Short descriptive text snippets
───

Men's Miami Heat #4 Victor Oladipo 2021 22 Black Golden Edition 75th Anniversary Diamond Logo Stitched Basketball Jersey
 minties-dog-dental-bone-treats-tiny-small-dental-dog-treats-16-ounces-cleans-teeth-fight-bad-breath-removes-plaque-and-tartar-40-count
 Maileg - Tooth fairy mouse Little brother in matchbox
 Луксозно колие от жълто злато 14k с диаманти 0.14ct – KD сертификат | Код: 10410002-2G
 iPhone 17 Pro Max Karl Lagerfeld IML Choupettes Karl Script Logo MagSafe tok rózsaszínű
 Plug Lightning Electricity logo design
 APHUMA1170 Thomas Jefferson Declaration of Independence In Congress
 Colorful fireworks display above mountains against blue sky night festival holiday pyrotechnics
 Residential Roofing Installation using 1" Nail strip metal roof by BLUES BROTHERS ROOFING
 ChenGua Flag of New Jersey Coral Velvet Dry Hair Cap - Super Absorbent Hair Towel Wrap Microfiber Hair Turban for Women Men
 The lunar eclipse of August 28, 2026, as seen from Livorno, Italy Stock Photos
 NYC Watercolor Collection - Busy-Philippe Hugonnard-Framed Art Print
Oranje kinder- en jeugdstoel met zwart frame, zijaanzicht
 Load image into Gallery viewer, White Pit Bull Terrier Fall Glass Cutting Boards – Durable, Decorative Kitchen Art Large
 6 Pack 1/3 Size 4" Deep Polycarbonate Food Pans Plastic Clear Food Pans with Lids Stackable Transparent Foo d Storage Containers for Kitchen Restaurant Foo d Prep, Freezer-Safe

───

- Work instruction:
Would you set the entries down again, exactly as they were written?

- Response for this exercise:
Men's Miami Heat #4 Victor Oladipo 2021 22 Black Golden Edition 75th Anniversary Diamond Logo Stitched Basketball Jersey
 minties-dog-dental-bone-treats-tiny-small-dental-dog-treats-16-ounces-cleans-teeth-fight-bad-breath-removes-plaque-and-tartar-40-count
 Maileg - Tooth fairy mouse Little brother in matchbox
 Луксозно колие от жълто злато 14k с диаманти 0.14ct – KD сертификат | Код: 10410002-2G
 iPhone 17 Pro Max Karl Lagerfeld IML Choupettes Karl Script Logo MagSafe tok rózsaszínű
 Plug Lightning Electricity logo design
 APHUMA1170 Thomas Jefferson Declaration of Independence In Congress
 Colorful fireworks display above mountains against blue sky night festival holiday pyrotechnics
 Residential Roofing Installation using 1" Nail strip metal roof by BLUES BROTHERS ROOFING
 ChenGua Flag of New Jersey Coral Velvet Dry Hair Cap - Super Absorbent Hair Towel Wrap Microfiber Hair Turban for Women Men
 The lunar eclipse of August 28, 2026, as seen from Livorno, Italy Stock Photos
 NYC Watercolor Collection - Busy-Philippe Hugonnard-Framed Art Print
Oranje kinder- en jeugdstoel met zwart frame, zijaanzicht
 Load image into Gallery viewer, White Pit Bull Terrier Fall Glass Cutting Boards – Durable, Decorative Kitchen Art Large
 6 Pack 1/3 Size 4" Deep Polycarbonate Food Pans Plastic Clear Food Pans with Lids Stackable Transparent Foo d Storage Containers for Kitchen Restaurant Foo d Prep, Freezer-Safe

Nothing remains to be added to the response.